We live in an uncertain world.
Thursday, January 14, 2010
“I swear by my life and my love of it that I will never live for the sake of another man, nor ask another man to live for mine.” - Ayn Rand (John Galt's Oath from Atlas Shrugged)
"Then I grasped the meaning of the greatest secret that human poetry and human thought and belief have to impart: The salvation of man is through love and in love. I understood how a man who has nothing left in this world may still know bliss, be it only for a brief moment, in the contemplation of his beloved." - Victor Frankl (Sharing how he survived Auschwitz from Man's Search for Meaning)
I don't think Ayn Rand knew what she was missing.
Monday, December 28, 2009
In poker, the winner usually has some combination of favorable luck and excellent snap judgment ability.

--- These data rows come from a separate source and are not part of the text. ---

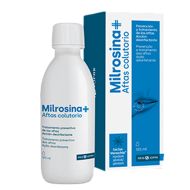 Milrosina Aftas Colutorio 125ml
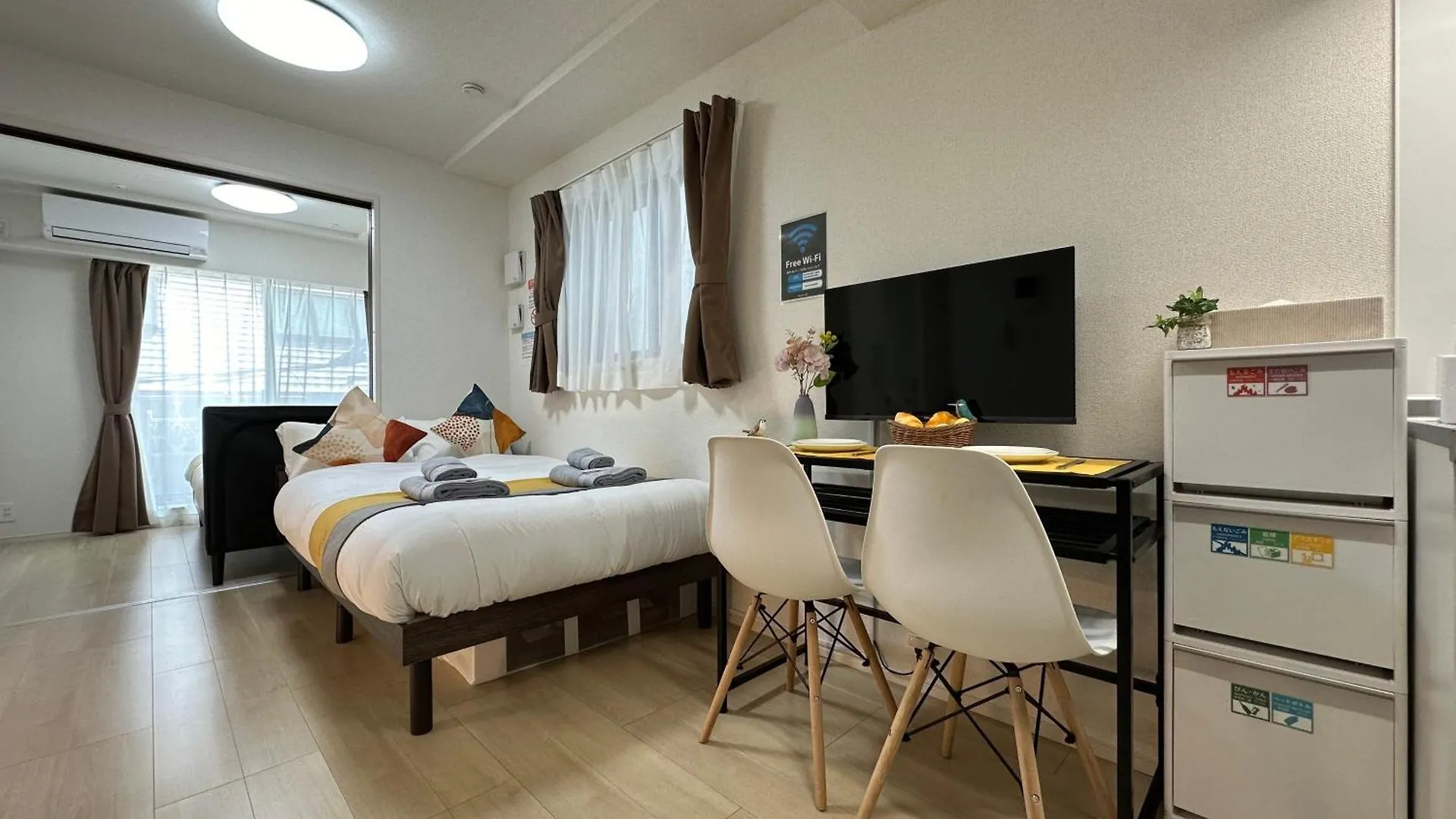 Nestay Inn Tokyo Ueno 0*,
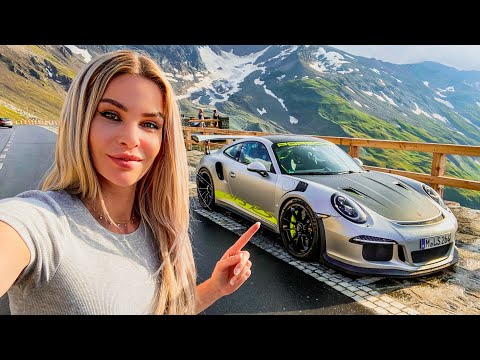 Endlich wieder GT3RS! Von der Bergstraße zu SSR Performance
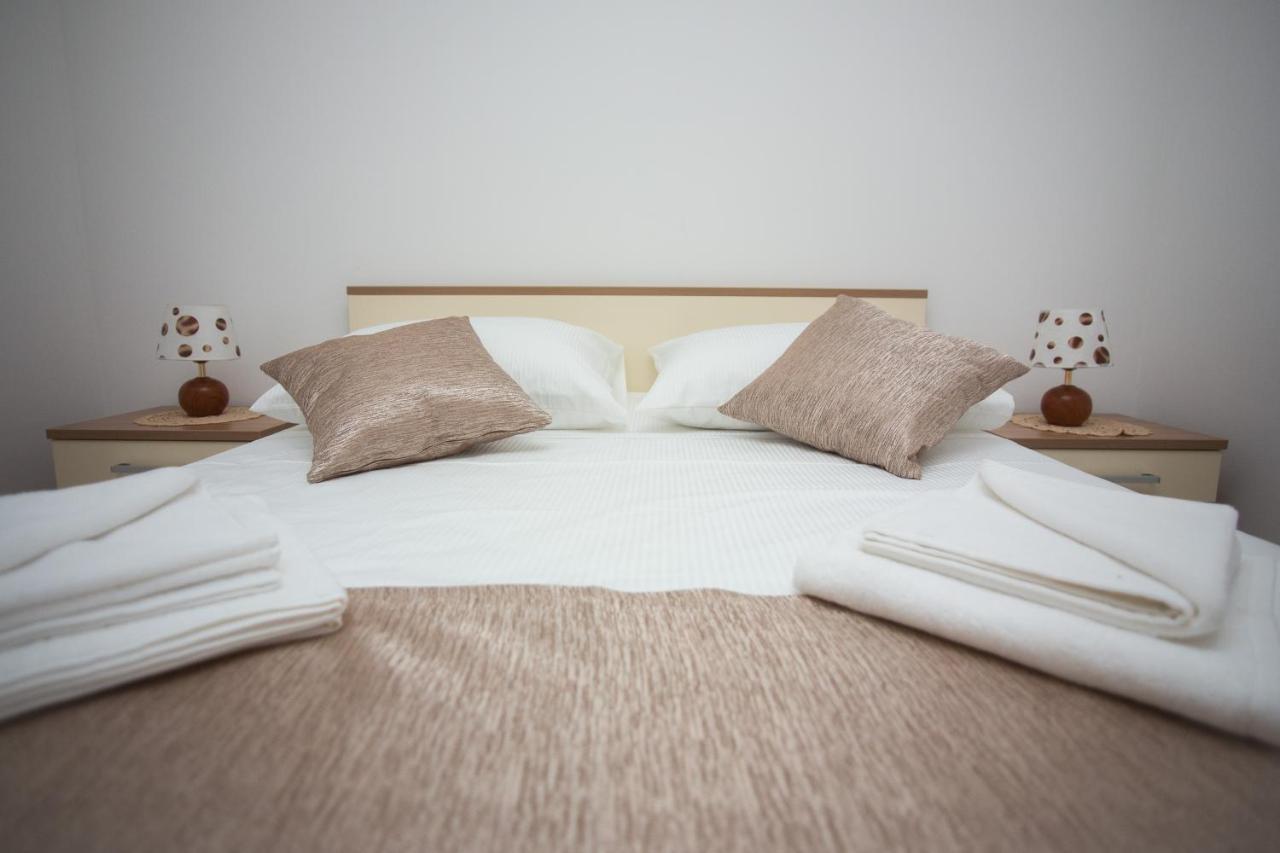 Santa Rita Apartman Split Kültér fotó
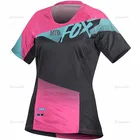 Женские трикотажные изделия ownhill с коротким рукавом, рубашки для горного велосипеда, футболки для внедорожника DH, мотоциклетная спортивная одежда, Джерси для горного велосипеда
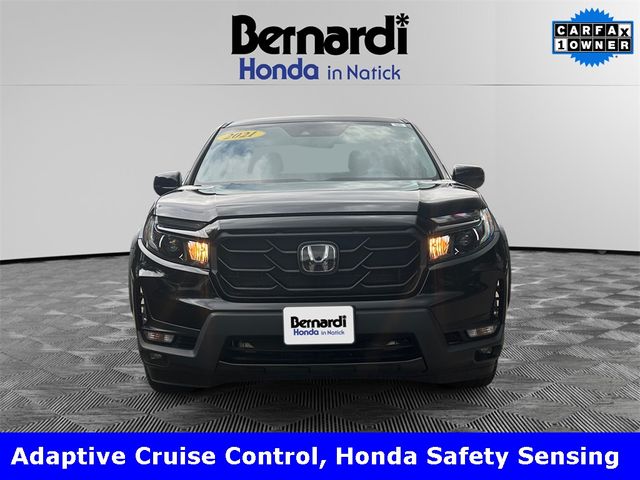 2021 Honda Ridgeline Sport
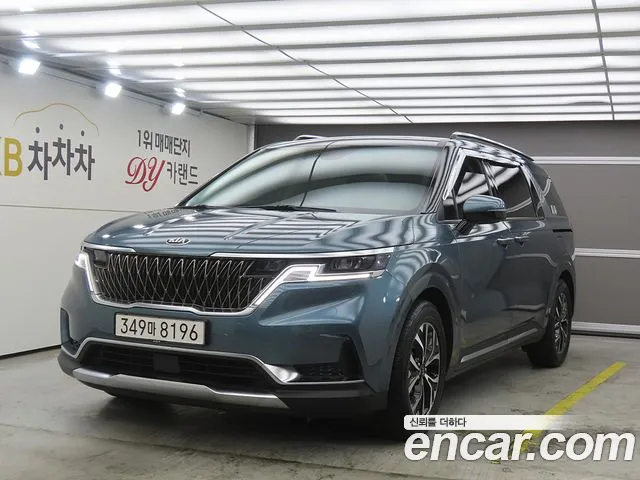 Kia Carnival 2020 thumb 6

Snap judgments are also critical in countless other tasks - Gladwell practically wrote a whole book about it. Yet, in life, people call me "judgemental" or say that I "generalize" as if it's a bad thing.
People generalize, because their generalizations are generally correct. Why are snap judgments about life (and people) a bad thing, when it's a critical skill set to almost everything else you do?

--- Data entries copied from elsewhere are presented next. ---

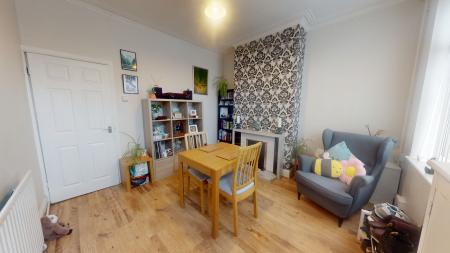 2 bedroom Terraced House for sale in Cromwell Street, Birches Head, Stoke-on-Trent, ST1
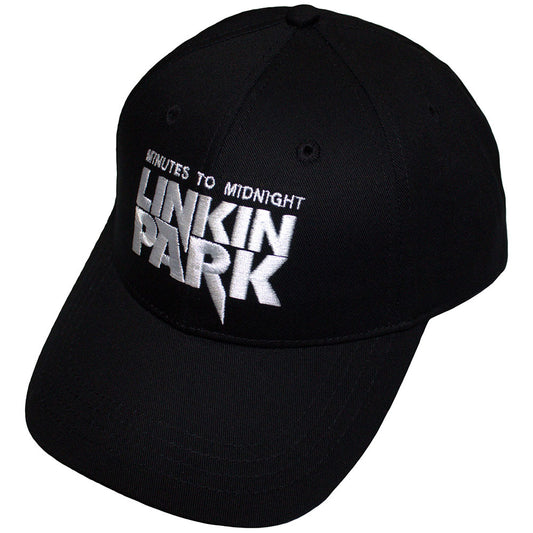 Linkin Park "Minutes To Midnight" Baseball Cap Adults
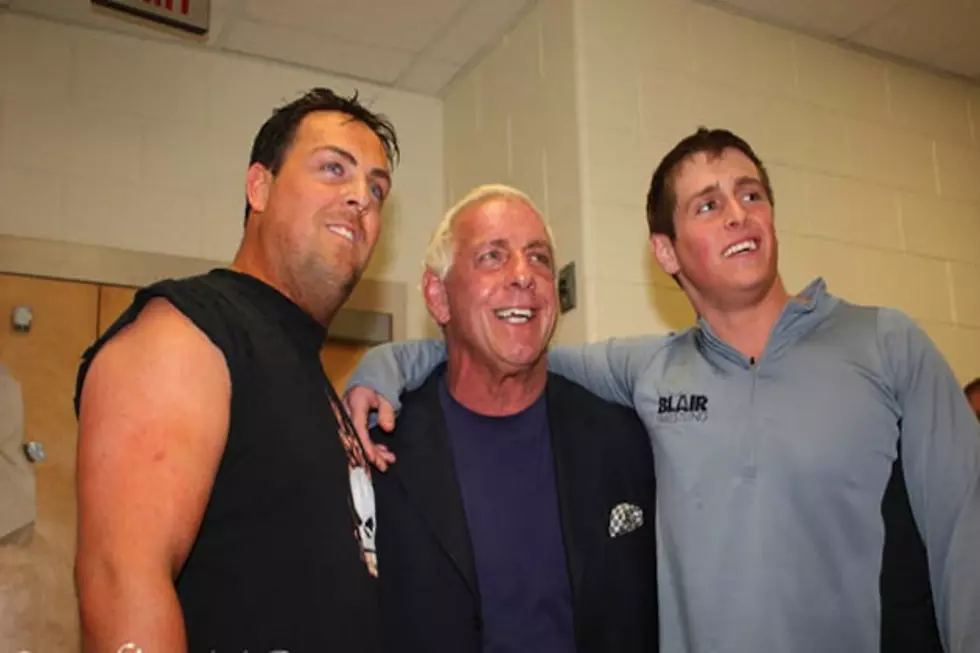 Reid Flair, Son of Ric Flair, Passes Away at 24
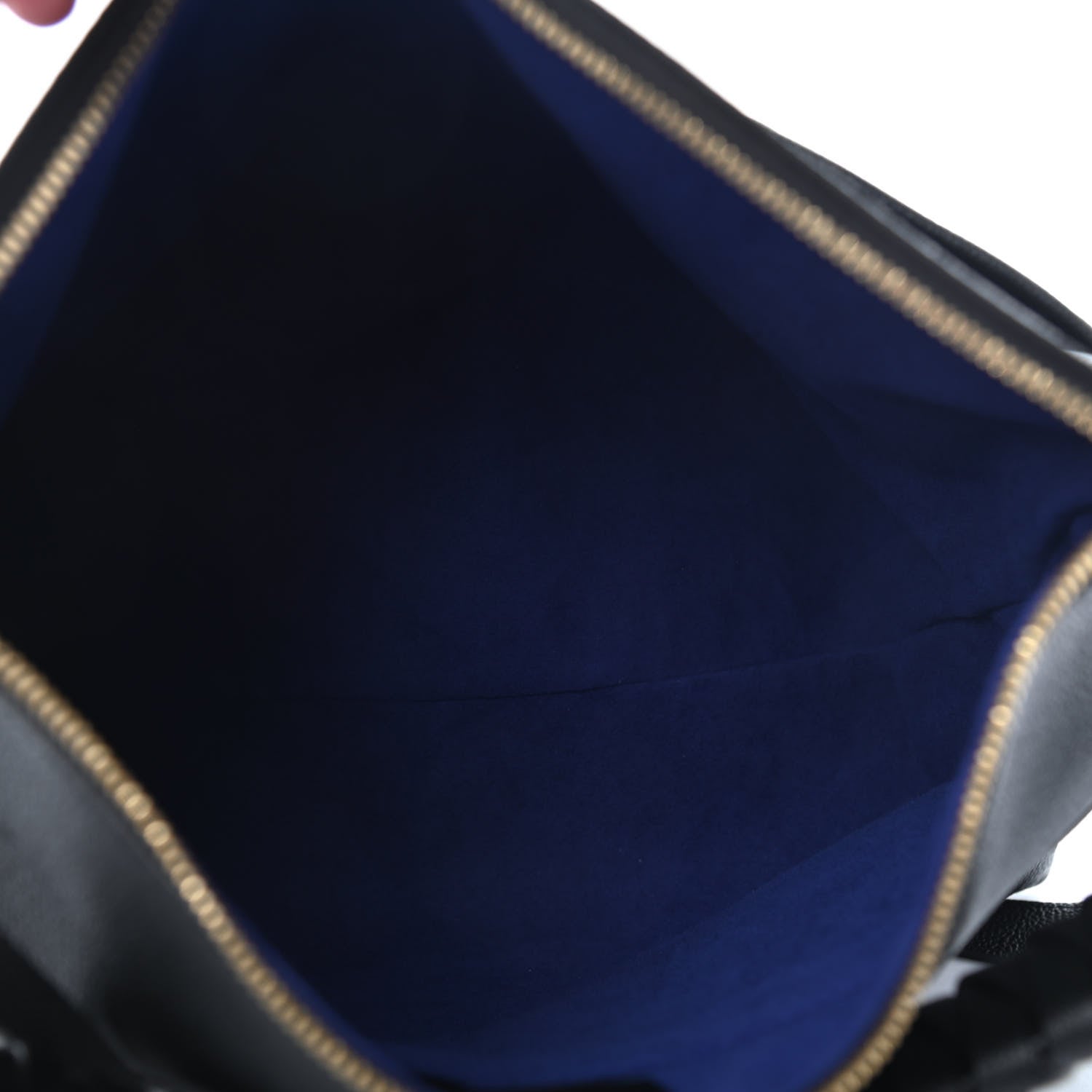 Louis Vuitton Empreinte Maida Hobo Black 5 of 9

Saturday, December 19, 2009
So while Jess and I are enjoying the holiday cheer,(it's hard not to given that the winter flavors at starbucks are back), recently I've been wondering as I look to extended family and colleagues, why can the holiday season bring out the worst in people? While I don't have a grand thesis on it, I think the heart of the issue comes from the idea of spending money you don't have on gifts that may not be appreciated.

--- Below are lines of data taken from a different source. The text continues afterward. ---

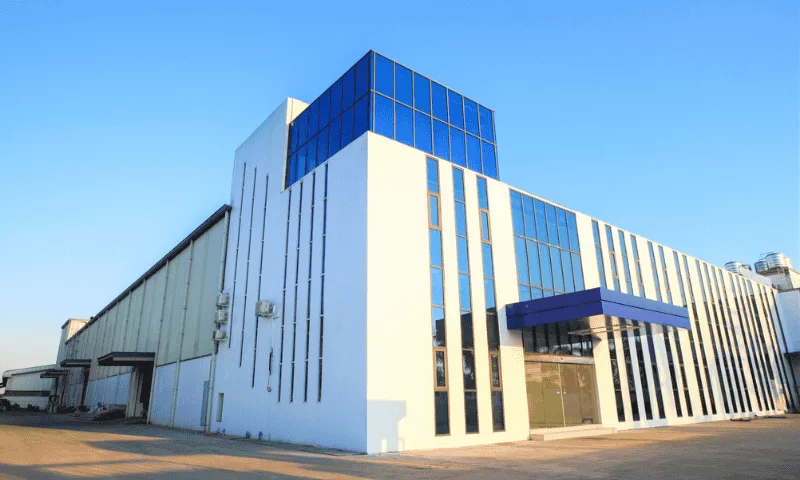 Quy trình sau thi công xây dựng nhà xưởng công nghiệp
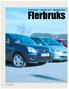 Ford Fusion Honda Jazz Hyundai Getz. Flerbruks b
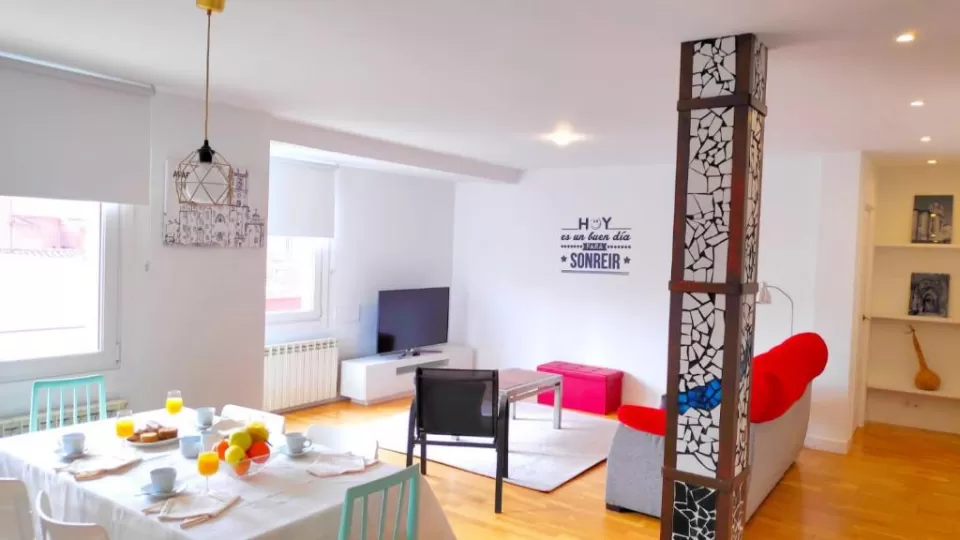 Apartamento La Real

But then again, I think back to the enervive, and while fortunately my parents can afford a silly toy and I don't think that my Mom meant for it be appreciated as a party gag, maybe the real issue is that gift giving forces people together. And you if can't appreciate your family and friends, it doesn't matter what toys you find under the Christmas tree this year.
Saturday, December 05, 2009
In investing, similar to knowing your position in poker, you must know where you are relative to the general market. The more bullish the crowd, the more bearish get. It is for this reason that after a 60% rally, I don't go "guns blazing" into any investment. I currently sit with a 5% short on the market, 5% long Berkshire, and 90% cash.
Another similarity between poker and investing is the discovery process of the fulcrum security. For example, during a contentious bankruptcy usually there's a valuation fight where creditors argue for how much debt the underlying company can support. This is a critical process because it frequently determines which lender gets the post-reorganization equity, and which lender gets nothing. The lower you are in the company's debt structure, the less likely you get a pay day.
In poker, I like to think of the fulcrum security as the minimum bet necessary to cause the other players around the table to question what they have with the goal of having them fold. What's fun about this is that it's a constantly evolving discovery process. While usually I think the fulcrum bet is somewhere between 5 to 10% of the initial buy-in, it can vary based on how long the game has been playing, the amount of alcohol consumed, the familiarity of the players and countless other factors.
Anywho, those are just my random musings on cards vs. investing, and that said there are many differences between the two that need to be appreciated and will be discussed in the future. Until then one of may favorite quotes that captures the difference is from a recent Bloomberg article: “In poker, people are used to not sitting back and waiting for the fat pitch...they’re used to skirting the edge of ruin and they learn the tools of how to do that.”
2. To follow up on my last post on shorting the market, I've settled on not betting. While I have strong conviction that we are due for a near-term pull-back, the risk return profile (like pot-odds) totally isn't worth it. For example, how much can I profit from betting against the market? In all likelihood the range is from 10-30%. Given that I almost never buy stocks with only a 30% upside, why should I make an exception for shorting the market? The answer is that I shouldn't. Despite the frustration of sitting on the sidelines (much like the frustration of mucking a lot of bad hands), a full chip stack is worth a lot more when everyone else is panicking.